Only one span of the material below is wanted. Output it exactly, from the line with "łazienka z 2" through the line with "Dissipateur de chaleur", without any pictures.

## [The data]
[Start of Attachment]
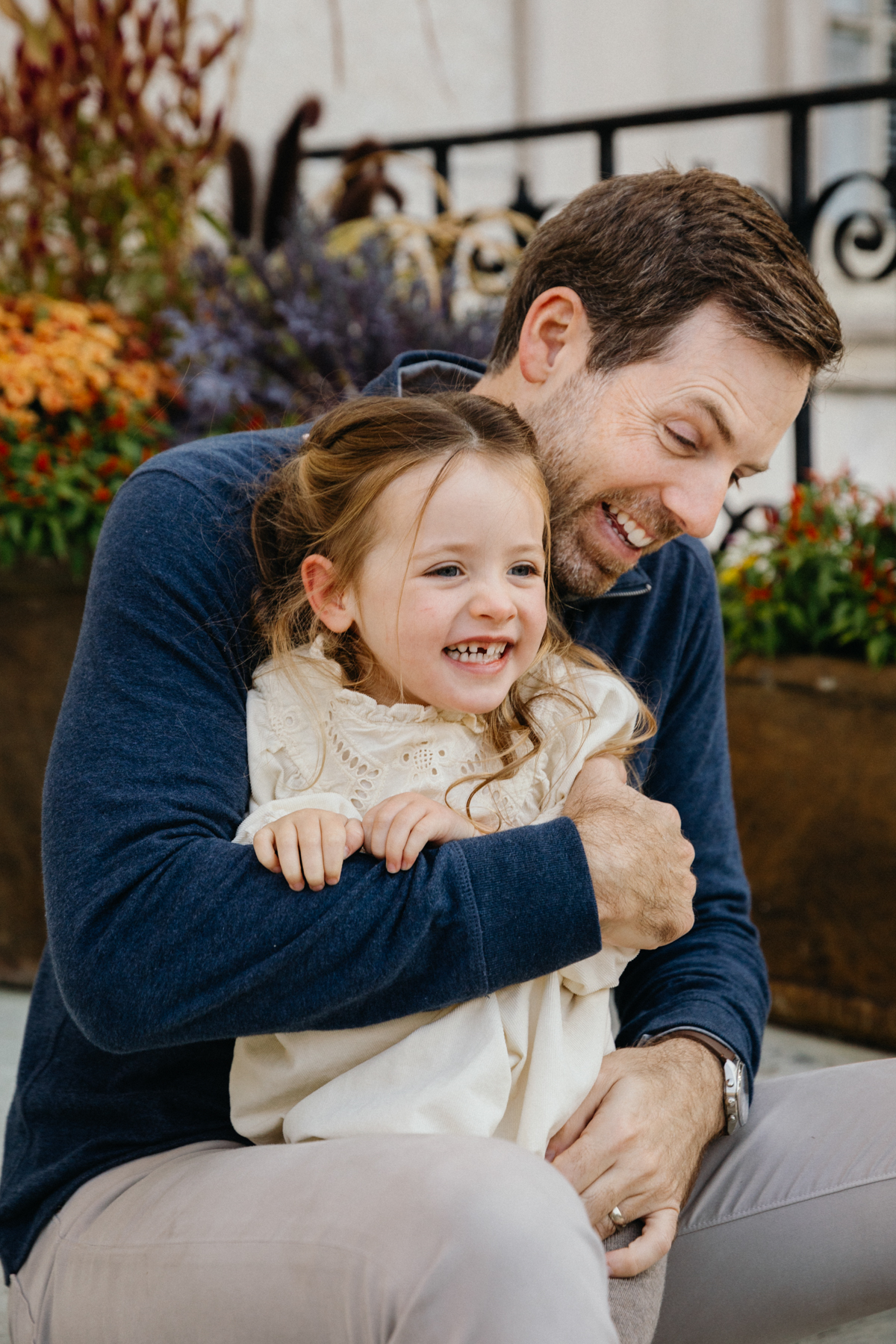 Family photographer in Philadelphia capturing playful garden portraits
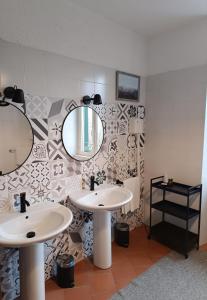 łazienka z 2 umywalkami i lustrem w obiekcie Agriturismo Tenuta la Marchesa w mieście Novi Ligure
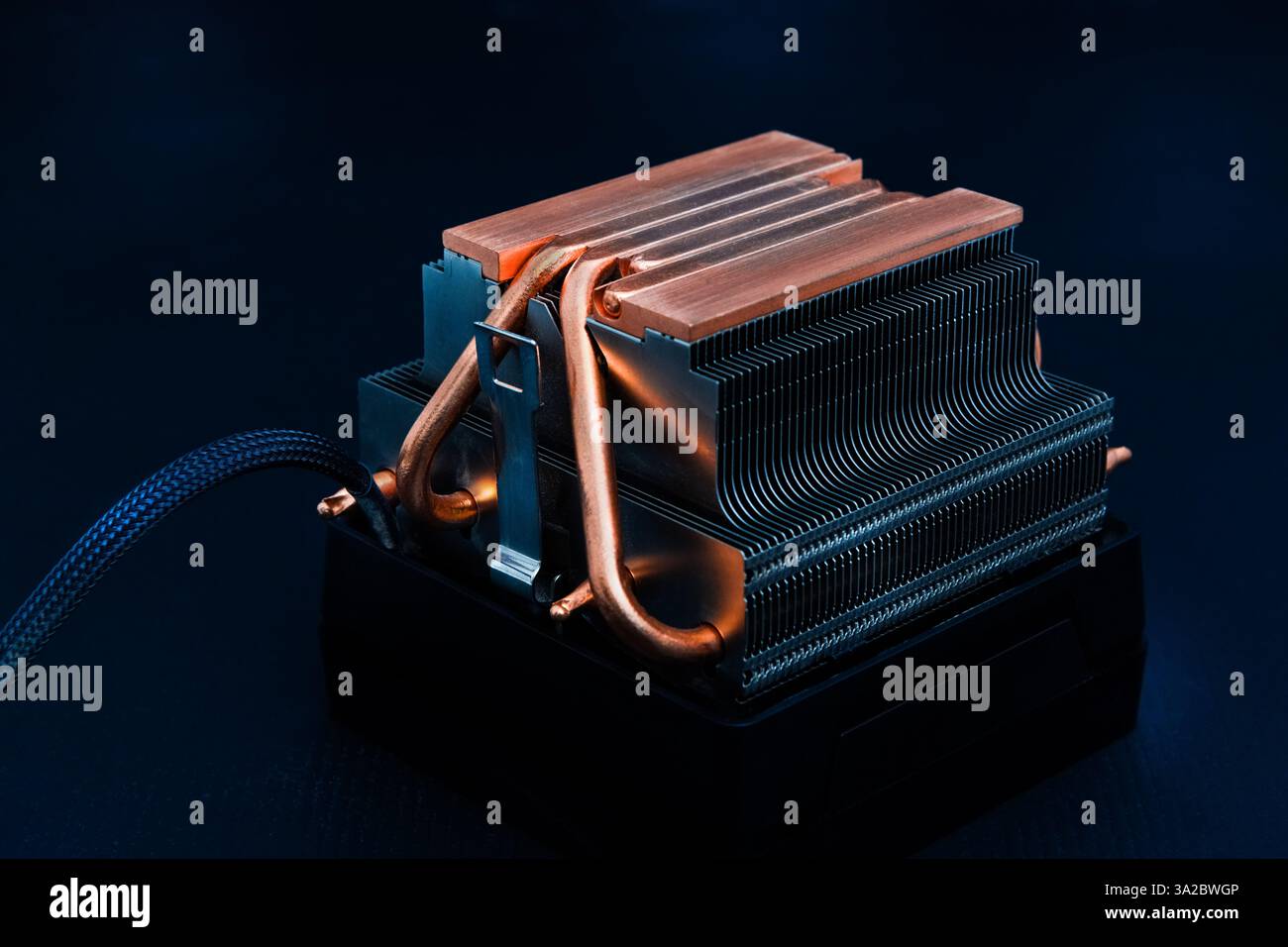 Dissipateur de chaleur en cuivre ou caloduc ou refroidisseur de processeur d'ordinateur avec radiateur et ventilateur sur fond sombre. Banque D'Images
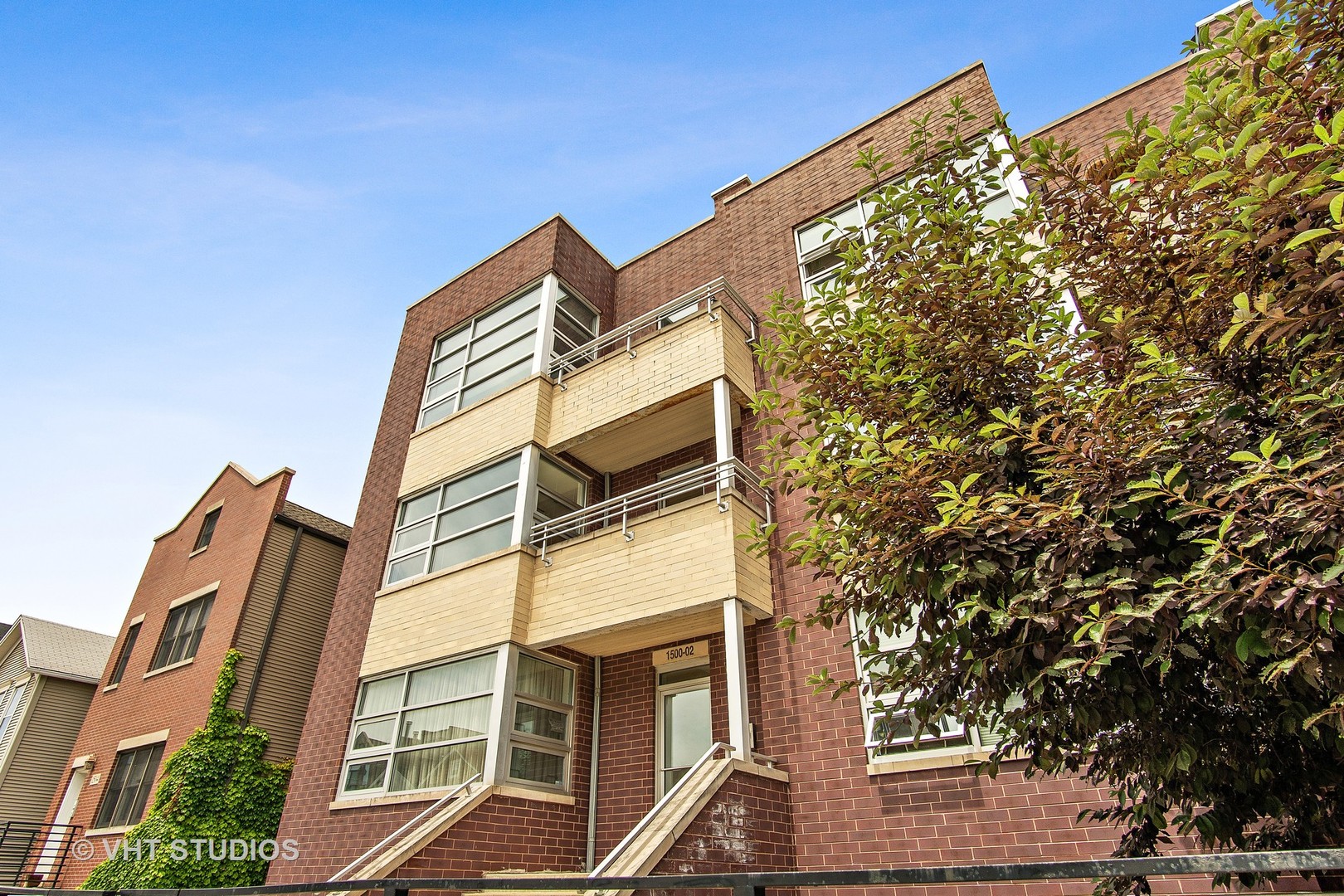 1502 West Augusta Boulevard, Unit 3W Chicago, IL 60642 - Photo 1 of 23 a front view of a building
[End of Attachment]
## [Result]
 łazienka z 2 umywalkami i lustrem w obiekcie Agriturismo Tenuta la Marchesa w mieście Novi Ligure
 Dissipateur de chaleur en cuivre ou caloduc ou refroidisseur de processeur d'ordinateur avec radiateur et ventilateur sur fond sombre. Banque D'Images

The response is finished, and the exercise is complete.